So God Himself must come down—not into an unfallen garden, but into sinful creation—to contend with Satan himself. He must die in our stead and pour out His blood for us. Only God can make it right.

Someone else has to clean up our mess.

We often think of the world as generally a good place, but it is not. The world is corrupted by sin. Our society tells us that people are, by and large, good—just a few bad apples who occasionally do bad things. But this is false. The world is broken. The world is evil. Just look at the curses that were laid down.

To the woman, God said, “I will surely multiply your pain in childbearing; in pain you shall bring forth children.” This is often reduced to labor pains, but it is far more than that. It encompasses everything surrounding children—infertility, miscarriages, fear.

Will everything be okay with my baby?

Every visit to the doctor brings that quiet tension as you hold your breath until you hear, “Everything looks great.” Then you bring the child home. That first night they sleep in their own room—however many weeks or months in—you wake in the night because they did not cry. You stand at the door with fear and trepidation before you open it.

You know Schrödinger’s cat: the thought experiment in which a cat in a box is both alive and dead until the box is opened. For parents, there is a dreadful version of that because of infant death and SIDS. You open the door—and the relief floods in.

But then they grow. They skin their knees. There are bullies at school. You want to fix everything for your child, but you cannot. You must raise them. You must teach them to become their own person. And on the back end of it all, just as you lost your parents, they will lose you. That is the hoped-for order of things. The worst possibility is the reverse—that you are alive when your child dies.

There is so much bound up in this curse of childbearing.

And then God says, “Your desire shall be for your husband, and he shall rule over you.” Later, Paul will use marriage as the image of Christ and His bride, the Church. Yet here, God declares that marriage will be marked by conflict. There is no perfect marriage.

What does this look like for us? We constantly try to remake Jesus in our own image. It would be convenient if Jesus were the most patriotic American who ever lived—but He is not. We cannot transform Jesus into our image. We are to be transformed into His.

Our sinful nature wants God to submit to us, rather than submitting to Him. Relationship after relationship is affected by this curse—layer upon layer upon layer.

Then God speaks to Adam: “Because you have listened to the voice of your wife and have eaten of the tree of which I commanded you, ‘You shall not eat of it,’ cursed is the ground because of you. In pain you shall eat of it all the days of your life; thorns and thistles it shall bring forth for you.”

We call it the curse of the ground, but it is really the curse of results. The results no longer match the work.

I garden. Some of you do as well. This time of year, you are preparing beds, maybe starting seeds. There is a joke among gardeners: “I’m about to spend $600 and blood, sweat, and tears to grow something I can buy at the grocery store for twenty-five cents.” The results do not match the work.
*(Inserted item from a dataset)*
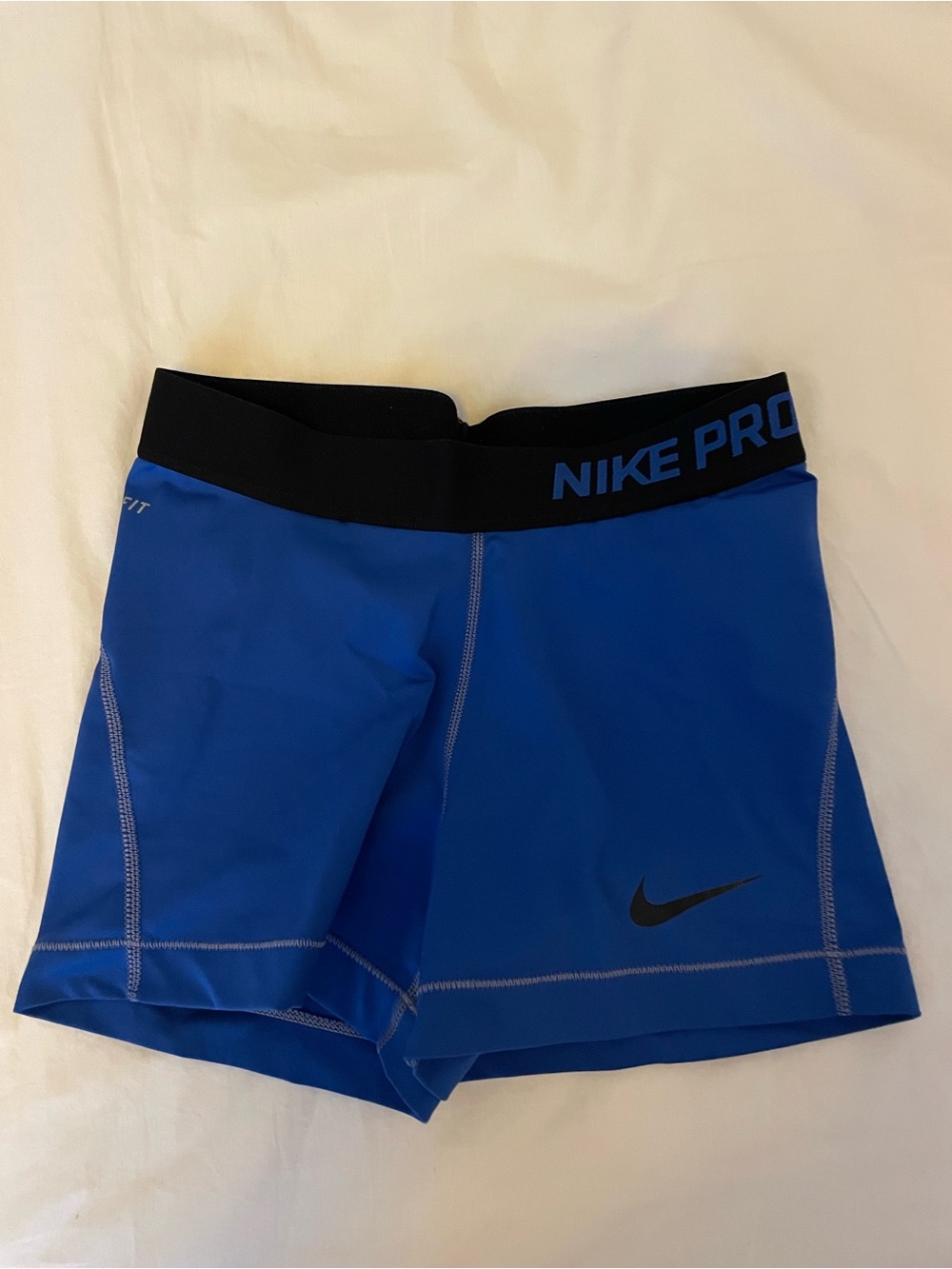 Nike Pro Blue Athletic Compression Shorts with Black Waistband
You labor—and what comes up? Thorns. Thistles. Weeds. A weed is simply a plant growing where you do not want it. Even corn can be a weed in a soybean field because it steals nutrients and water. Before the Fall, Adam and Eve tended the garden, and what they desired to grow, grew. They were the best gardeners in the world.

Not anymore.

The curse is deeper than we often imagine. And it all ends in the same place: death. As we heard on Ash Wednesday, “Dust you are, and to dust you shall return.”

The hard truth is this: we are not good. The world is not good. We cannot fix it.
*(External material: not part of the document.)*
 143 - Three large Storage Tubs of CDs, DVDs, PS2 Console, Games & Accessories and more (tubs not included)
But this is why Jesus came. This is the Gospel—the good news. We broke it. We shattered the vase. God does not merely glue it back together. He does not simply replace it. He remakes it entirely new. He has begun remaking you in your Baptism. And He will come again to make this world new, without sin.

The tears that rend our hearts, the sin that has broken us—all will be removed.

Every evil and wrong thing we have done has been accounted for at the cross. The blood has been poured out. The forgiveness of sins is yours. God fixes it for you. God does the work.

He does it because He loves you. Before we loved Him—indeed, because we could never love Him enough—He first loved us, so that we might learn what love truly is. He removes that which has killed us and says, “He who believes in Me, though he die, yet shall he live. And everyone who lives and believes in Me shall never die.”

Jesus went toe-to-toe with Satan.

In the garden, Satan sought to destroy God’s creation. But God would not abandon it. He chose to redeem it. In the wilderness, Satan tried to derail God’s plan by tempting Jesus: “Serve yourself. You are hungry. Avoid the cross. I will give you the kingdoms of the world—just worship me.”

Jesus answered, “Be gone, Satan.” The devil withdrew for a more opportune time.

That time came at the cross, when Satan thought he had finally undone God’s plan. Surely God would punish those who killed Him. Yet it was always God’s plan to die for us—to take the sin of the whole world upon Himself.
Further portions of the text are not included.